Üç ila dört gün sonra, hücre koleksiyonunu tekrarlayın, bu sefer doğal olmayan hücreleri iki kuyudan bire bir toplayın. Tüm kuyulara orta ekleyin. Hücreleri gözlemleyin ve ortamı haftada iki kez değiştirin.
Hücreler birleştiğinde,% 1 FBS ile komple ortama geçin. Yukarıda belirtilen protokoller kullanılarak, IPE ve RPE hücreleri beş farklı türden başarıyla izole edildi ve kültürlendi. RPE ekspresyon deseni birincil sığır IPE hücrelerinde RPE65 için immünofluoresans ile doğrulandı.
Hücre canlılığı, piyasada bulunan bir sitotoksiklik test kiti ve düğüm elektroporlu kontrolü kullanılarak elektroporasyon tamponunun potansiyel toksisitesini dışlamak için çalışıldı. Hücre canlılığı üzerinde herhangi bir etki gözlenmedi. Farklı türlerden prekültüre pigment epitel hücreleri sarı floresan Venüs proteini ile transfekte edildi.

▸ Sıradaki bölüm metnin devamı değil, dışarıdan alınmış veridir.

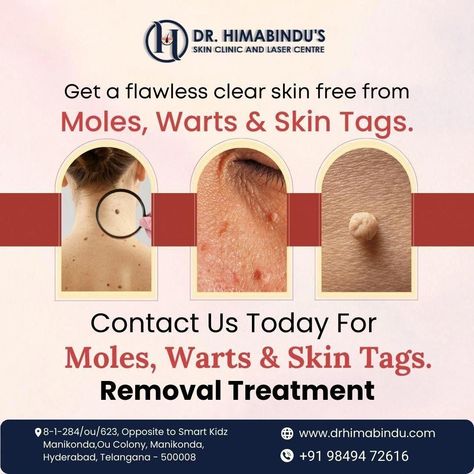 Modern Clinic, Skin Tags Removal, Warts Removal, Remove Skin Tags Naturally, Remove Warts, Too Much Estrogen, Mole Removal, Healthy Lifestyle Quotes, Botox Injections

Transfected RPE19 hücreleri pozitif kontrol olarak kullanıldı. Önceden şekillendirilmiş domuz RPE'sinde transfeksiyon verimliliğinin nicelemesi burada gösterilmiştir. Yeni izole edilmiş tavşan pigment epitel hücreleri sarı floresan protein Venüs ile transkred edildi ve mikroskopi ile izlendi.
Pigment epitel hücreleri pigment epitel türevi faktör ile transkredasyon edildi ve protein salgısı Batı blot tarafından izlendi. Transfected hücreler için sinyal, çalışılan tüm türler ve günler için transkıpte olmayan hücrelere kıyasla daha yüksekti ve bu süre içinde protein salgısında bir azalma gözlenmedi. Hücreleri keskin aletlerle kazımaktan kaçınmak çok önemlidir.
Burada, yuvarlak bir neşter kullanılması gereken küçük fare gözleri dışında ateş cilalı Pasteur pipetler kullanılır. Pigment epitel hücreleri gen tedavisi yaklaşımları geliştirmek ve patolojik durumları simüle etmek için kullanılabilir, örneğin oksidatif stres hasarı. Bu modeller terapötik ilaçları test etmek için de kullanılabilir.